Configure gRPC health-check probes
Probe a gRPC service using the standard gRPC Health Checking Protocol. Reports SERVING / NOT_SERVING or Check latency.
gRPC probes call the standard gRPC Health Checking Protocol
(grpc.health.v1.Health/Check) on the configured interval and report
the serving status as 1 (SERVING) or 0 (NOT_SERVING), or the Check
round-trip latency in milliseconds.
This is the right probe for gRPC services used in service-to-service communication. It does not invoke arbitrary methods on your service: only the well-known health-check RPC, which most gRPC frameworks expose with a few lines of setup.
What it requires of your service
Your server must implement the standard health service. Most gRPC stacks ship a ready-made implementation:
- Go:
google.golang.org/grpc/health+grpc_health_v1.RegisterHealthServer. - Java:
grpc-servicesHealthStatusManager. - Node:
grpc-health-check. - Python:
grpcio-health-checking.
If the server does not implement it, the probe reports
grpc_unimplemented rather than a connection error, so you can tell the
two apart.
Overall health vs a named service
The health service tracks status per service name, plus an overall server status under the empty name:
- Leave Service name blank to check the overall server health. This is the common case.
- Set a registered service name (for example
my.package.MyService) to check just that service. If the name is not registered, the probe reportsgrpc_service_unknown.
Transport security
Three modes:
- Plaintext (
plaintext): no TLS. Use inside a trusted cluster network (h2c). - TLS (
tls): server-authenticated TLS. Set the CA certificate env var if the server uses a private CA; leave it blank to use the system trust store. - mTLS (
mtls): mutual TLS. The agent presents a client certificate. This reuses the same env-var-reference mechanism as the HTTP probe's mTLS: each field is the NAME of an environment variable on the agent host whose value is the PEM material (or a path to a PEM file). The cloud stores only the variable name, never the certificate or key.

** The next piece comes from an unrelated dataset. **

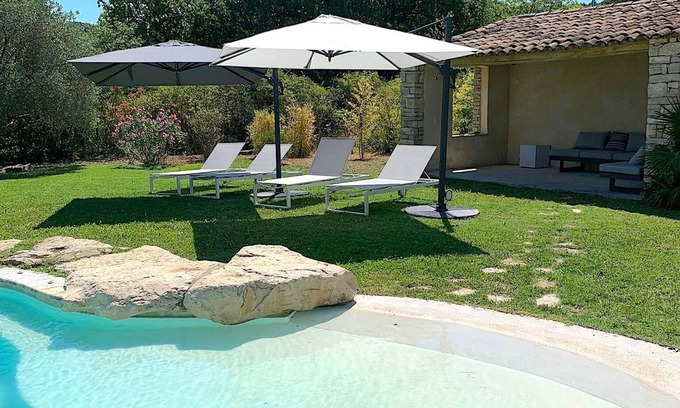 La Roque-sur-Pernes Otro | Bastide 350m² renovated, magnificent view of Provencal village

Set the cert / key env vars on the agent and reference them by name. See the HTTP probe guide's mTLS section for the env-var patterns (systemd, Docker, Kubernetes secret mounts).
Configuration shape
Plaintext overall-health check:
{
"host": "grpc.internal",
"port": 50051,
"tls_mode": "plaintext",
"interpretation": "health_state",
"timeout_ms": 5000
}
mTLS check of a named service with an auth token:
{
"host": "grpc.internal",
"port": 443,
"service": "my.package.MyService",
"tls_mode": "mtls",
"client_cert_ref": "OBSERVER_GRPC_CLIENT_CERT",
"client_key_ref": "OBSERVER_GRPC_CLIENT_KEY",
"ca_cert_ref": "OBSERVER_GRPC_CA",
"metadata": { "authorization": "Bearer ..." },
"interpretation": "health_state",
"timeout_ms": 5000
}
Field reference
| Field | Default | Notes |
|---|---|---|
host | required | Hostname or IP of the gRPC server. |
port | required | gRPC port (often 50051, or 443 behind TLS). |
service | "" | Empty checks overall server health; a name checks one registered service. |
tls_mode | plaintext | plaintext, tls, or mtls. |
client_cert_ref / client_key_ref | none | Env var names for the client cert + key. Required for mtls. |
ca_cert_ref | none | Env var name for a CA cert PEM to verify the server. Optional for tls / mtls. |
metadata | none | gRPC call metadata (for example an authorization token). Never logged or surfaced. |
timeout_ms | 5000 | Check deadline, 100 to 30000 ms. |
interpretation | health_state | health_state (1 / 0) or latency (ms). |
Interpretations
| Interpretation | Value | Threshold idea |
|---|---|---|
health_state | 1 for SERVING, 0 for NOT_SERVING. UNKNOWN or an unregistered service is no_data. | Healthy: over 0, Unhealthy: under 1 |
latency | Check round-trip in ms (reported on any successful Check). | Healthy: under 200, Unhealthy: over 1000 |
Reason codes
grpc_unimplemented: the server doesn't implement the health service. Addgrpc.health.v1.Healthto the server.grpc_service_unknown: the named service isn't registered. Check the name, or leave it blank for overall health.grpc_health_unknown: the server answered UNKNOWN (often mid-startup).grpc_unavailable: connection failed (refused, DNS, network). Distinct from auth and TLS errors.grpc_timeout: the Check didn't complete within the timeout.grpc_unauthenticated: the server rejected the call as unauthenticated. Check the metadata token.grpc_permission_denied: authenticated but not authorized.grpc_tls_failed: TLS handshake failed. Check the TLS mode and set the CA cert env var for a private CA.grpc_ca_unreadable: the CA cert env var is unset or points at an unreadable file on the agent.grpc_error: an uncategorised gRPC error. Check the agent log for the status code.
Troubleshooting
grpc_unimplementedon a service you know is up. The server is reachable but doesn't register the health service. This is a server change, not a probe setting.grpc_unavailableonly over TLS. If plaintext works and TLS doesn't, the listener may not be terminating TLS on that port, or the port differs. Confirm the TLS port.grpc_tls_failedagainst a private CA. Setca_cert_refto an env var holding the CA PEM so the agent can verify the server.- mTLS reports
mtls_ref_missing. The field wants the NAME of an env var, not the certificate text. Set the env var on the agent and reference it by name.